> **Brief**: Copy exactly the stretch of data below from the line with "River Side Hotel" through the line with "Photo #10: 192 Old Embreeville Road", including both of those lines.

> **Given entries**:
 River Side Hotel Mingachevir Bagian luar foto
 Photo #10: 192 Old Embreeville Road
--
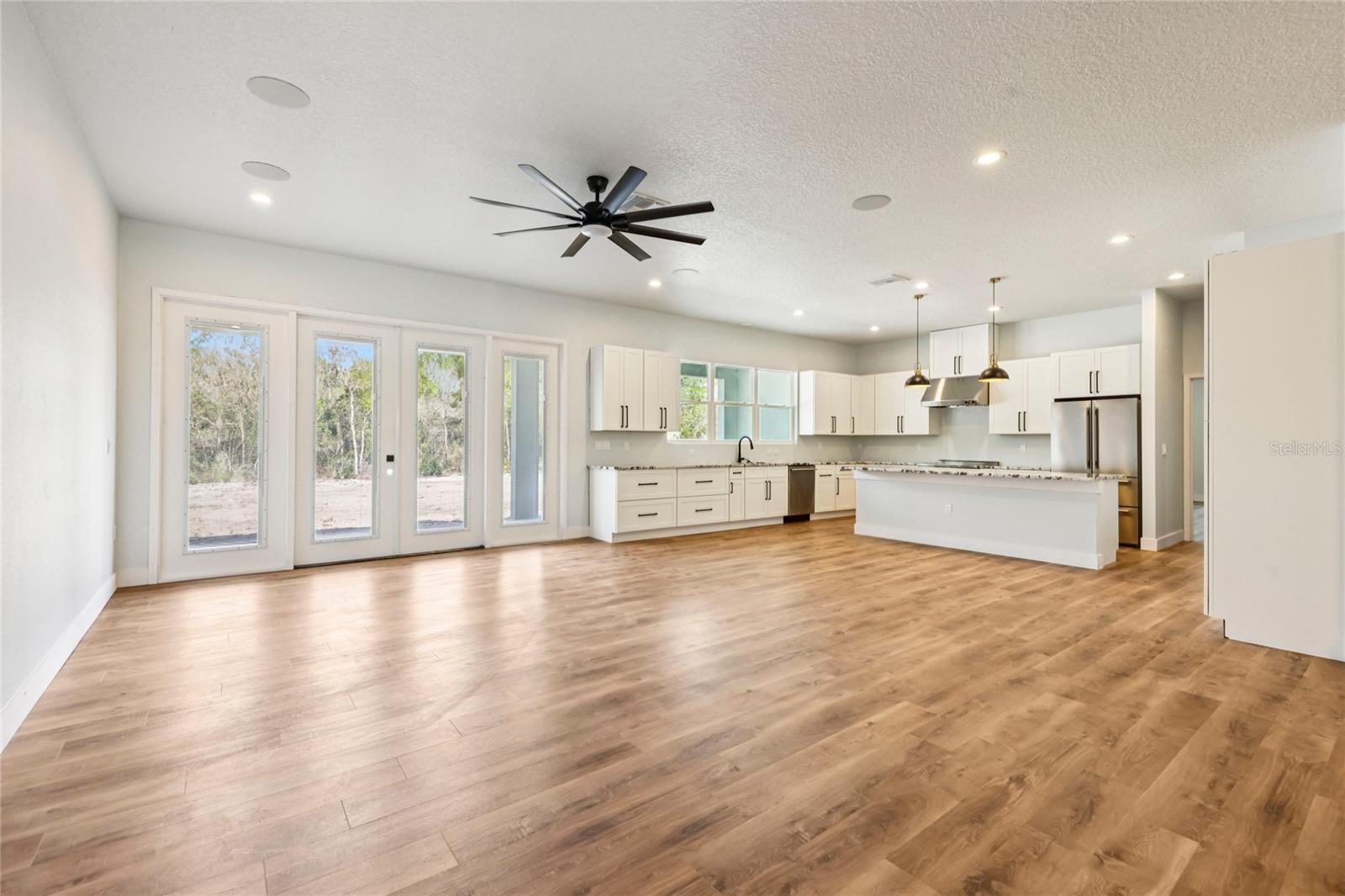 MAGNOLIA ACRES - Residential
--
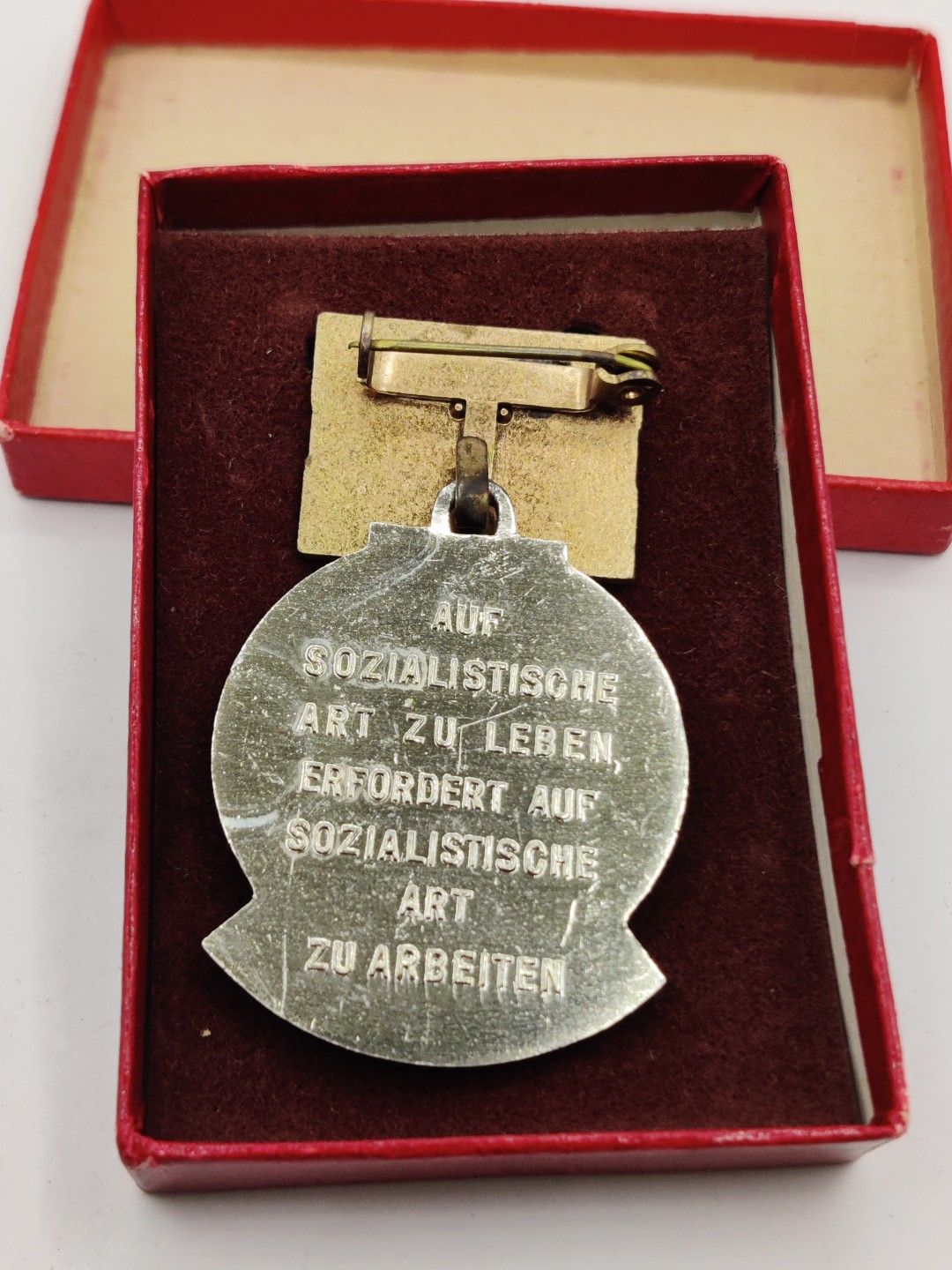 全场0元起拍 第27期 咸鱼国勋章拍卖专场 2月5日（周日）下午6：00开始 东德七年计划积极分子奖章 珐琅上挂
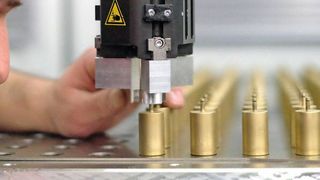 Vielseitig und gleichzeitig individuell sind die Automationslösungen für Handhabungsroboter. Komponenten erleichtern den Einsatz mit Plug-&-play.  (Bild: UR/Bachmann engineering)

> **Result**:
 River Side Hotel Mingachevir Bagian luar foto
 Photo #10: 192 Old Embreeville Road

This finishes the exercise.